The question of how good Hoskins really is and can be has ramifications that go beyond either the Phillies' performance this season or the increased number of tickets that the club is likely to sell because of him. The Yankees are a fairly appropriate model in this regard. Though general manager Brian Cashman didn't put them through an out-and-out rebuild – because, as Cashman said in a 2016 interview, "I'm not allowed to" – they recently completed a four-year stretch, from 2013 through 2016, during which they assimilated more young talent from their farm system to their roster.

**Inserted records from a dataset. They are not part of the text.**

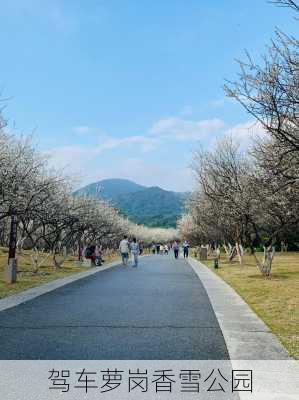 驾车萝岗香雪公园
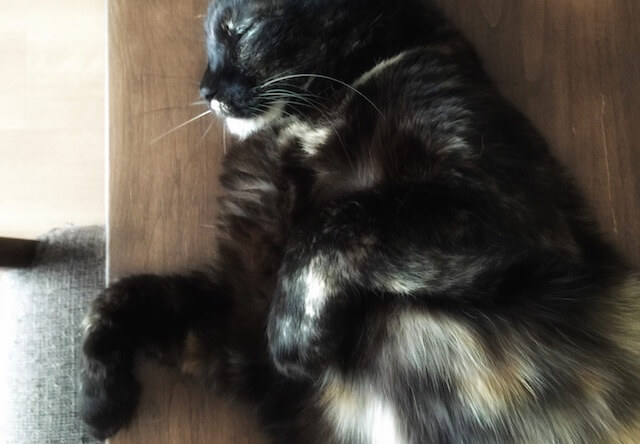 幽霊ポーズで睡眠中 - 猫の写真素材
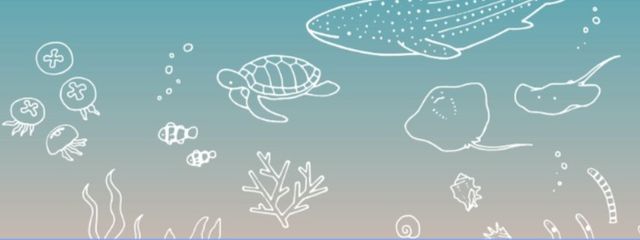 柳葉魚さんの壁紙画像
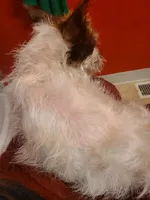 processed/be461449-18bc-499a-aee8-0e56b71fbed3/listing/8f571f3e-de62-4508-809b-65b86e3bd11f/04a63a90-1385-4cc9-b332-203812f27cc3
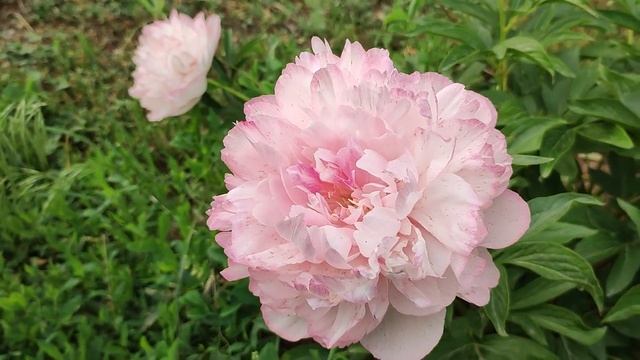 Пион Джокер. Красивый хамелеон.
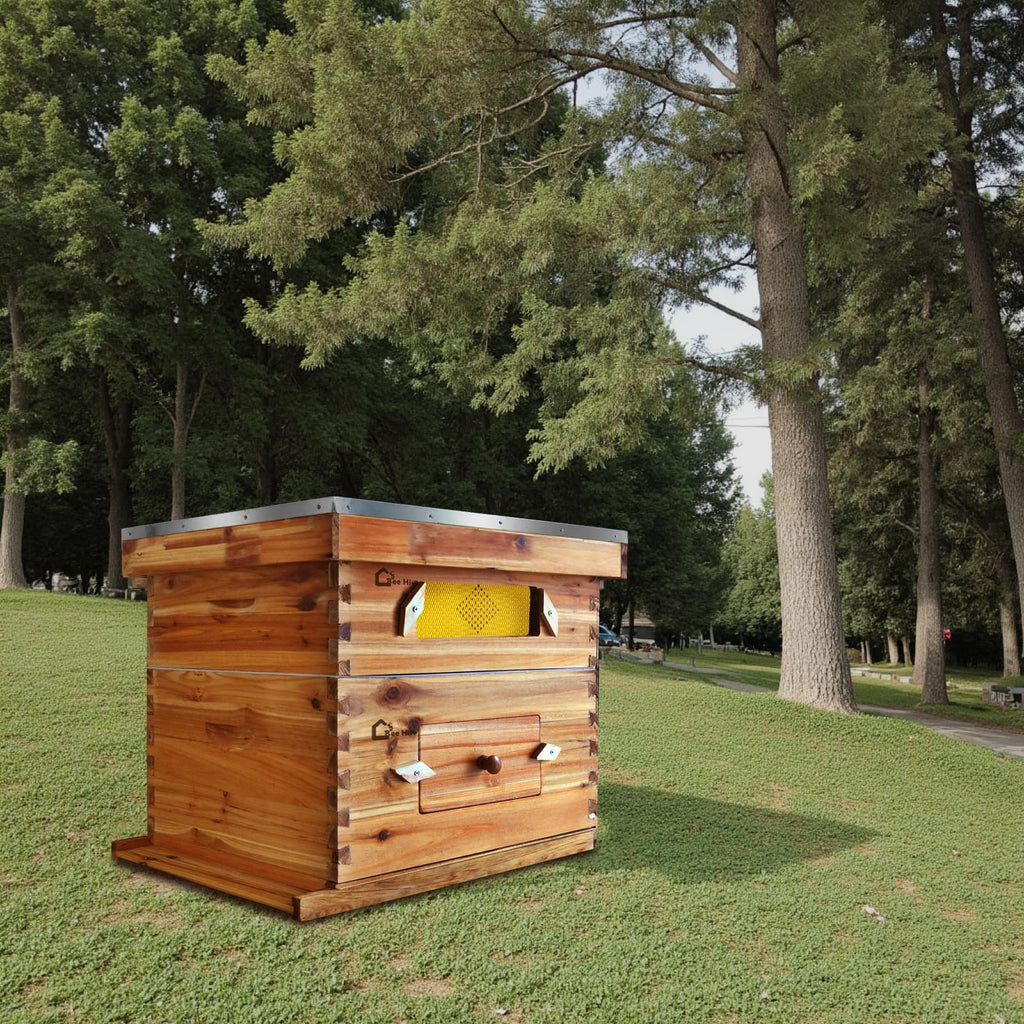 Garvee 10-Frame Langstroth Beehive Kit with Acrylic Window, Beeswax Coated, Cedarwood, Easy Assembly, Ventilated, Starter Kit for Beekeepers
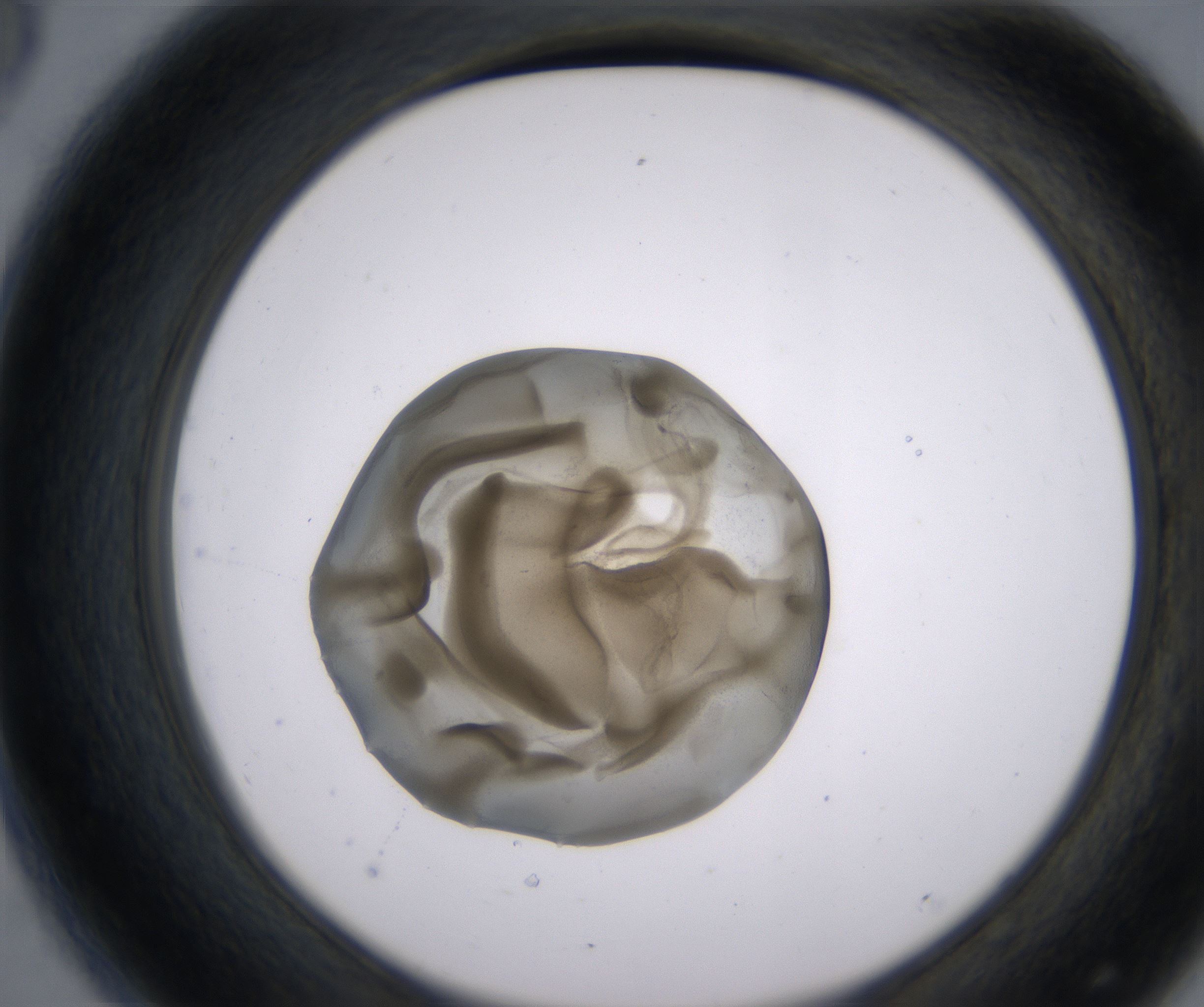D8_HighResolution_Precipitate_2.jpg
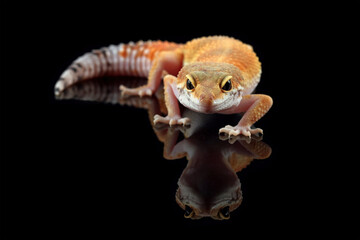 Fat-tailed geckos isolated on black, leopard gecko lizard, eublepharis macularius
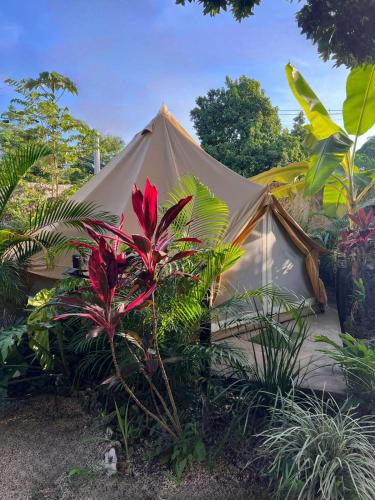 Bacalar Hotel | Shamalay - Nomad Experience
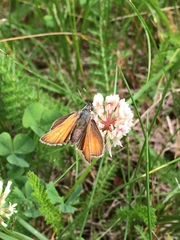 Thymelicus sylvestris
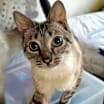 Thumbnail photo of Minka #2
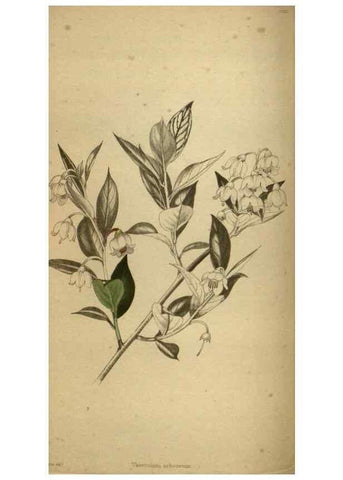 Reproducción/Reproduction 48787664707: The botanical cabinet. London :John & Arthur Arch ...,1817-1833.. 
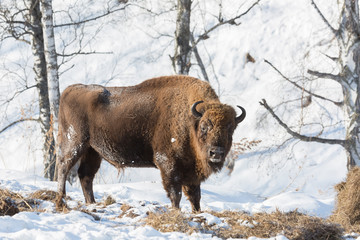 Bison in a snow-covered winter forest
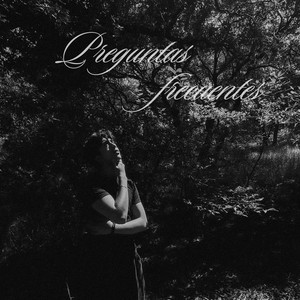 Preguntas Frecuentes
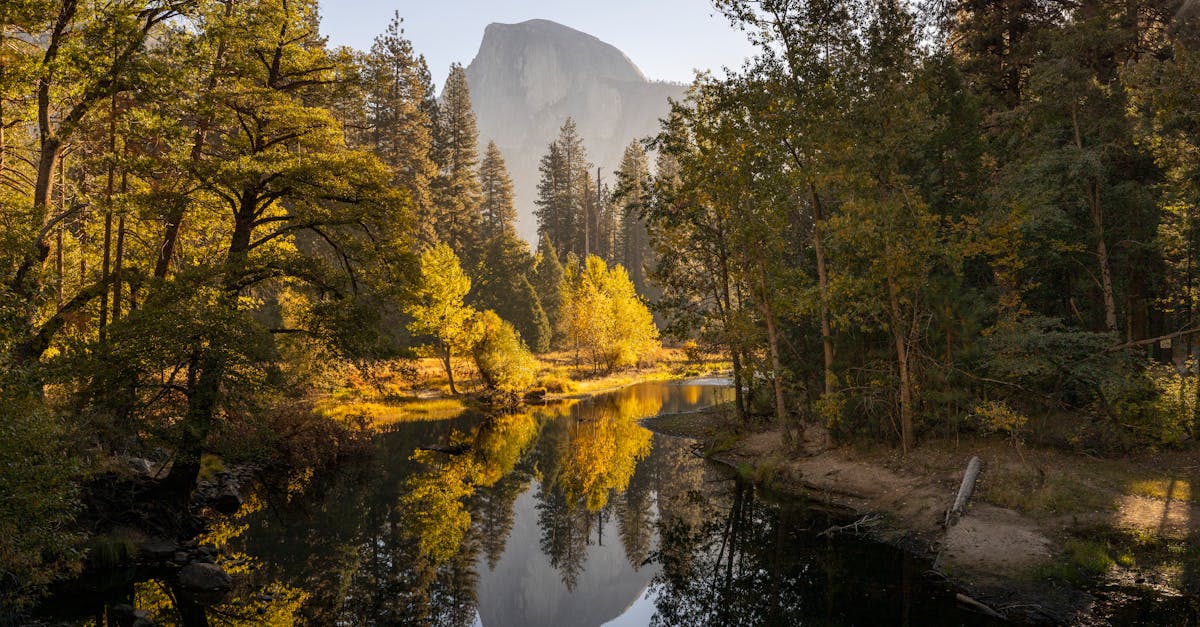 découvrez l'importance de l'assurance voyage pour protéger vos aventures à l'étranger. profitez d'un voyage en toute sérénité avec une couverture adaptée à vos besoins, incluant les frais médicaux, l'annulation, et bien plus encore.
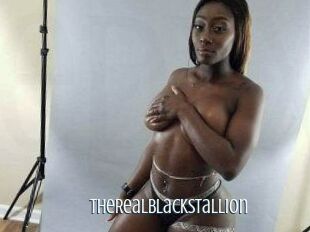 TheRealBlackStallion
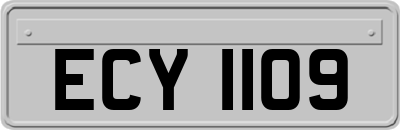 ECY1109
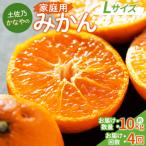 みかん 定期便 4回 10kg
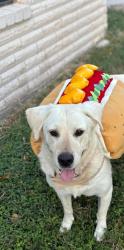 Lost Female Dog last seen 23rd st and helena ave , McAllen, TX 78503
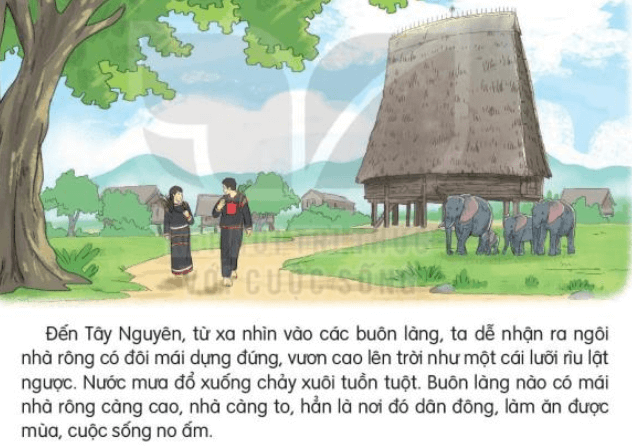 Nhà Rông là gì? Hình ảnh, ý nghĩa và kiến trúc Nhà Rông lớp 3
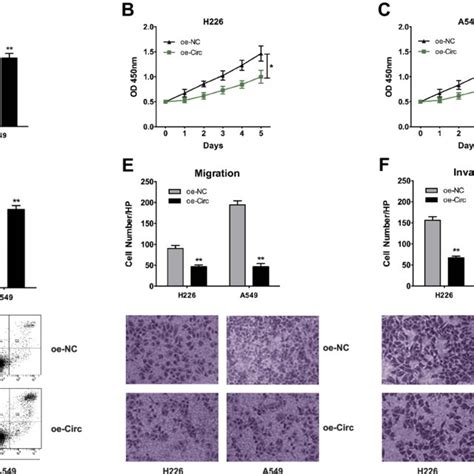 Hsacirc11780 Restrains Nsclc Cell Proliferation Migration And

They reached the playoffs just once over those four seasons, losing in the 2015 AL wild-card game, but they gave themselves a chance to learn what Didi Gregorius, Gary Sanchez, and Judge could do.

Now those three are cornerstones of a team that came within one victory last year of what would have been a surprising berth in the World Series, and Judge's outright superstardom made it more palatable for Cashman to part with two prospects and second baseman Starlin Castro to get Stanton. Judge made it easier for the Yankees to make the kind of move that they or any big-market franchise is supposed to make. Let the kid develop into a star somewhere else. Then, he'll pay to bring him here.

"I had a great opportunity with the Texas Rangers where, literally in my second year in the league, I was a team leader," former Yankees first baseman Mark Teixeira said. "I had a chance to be a focal point and grow up really, really quick. So I think there are opportunities on rebuilding teams that are unique. You can get lost in the shuffle here for six to eight years."

Hoskins got some of that growing up out of the way last season, obviously, because the Phillies were rebuilding. Now that they're poised to be major players on the 2019 free-agent market, with Manny Machado and Bryce Harper out there as possible targets, Hoskins could be the Phils' answer to Aaron Judge in the best-case scenario for their future, for their version of the Yankees' traveling celebrity road show. He'd be the home-grown slugger, just one of the stars that everyone else stops to watch.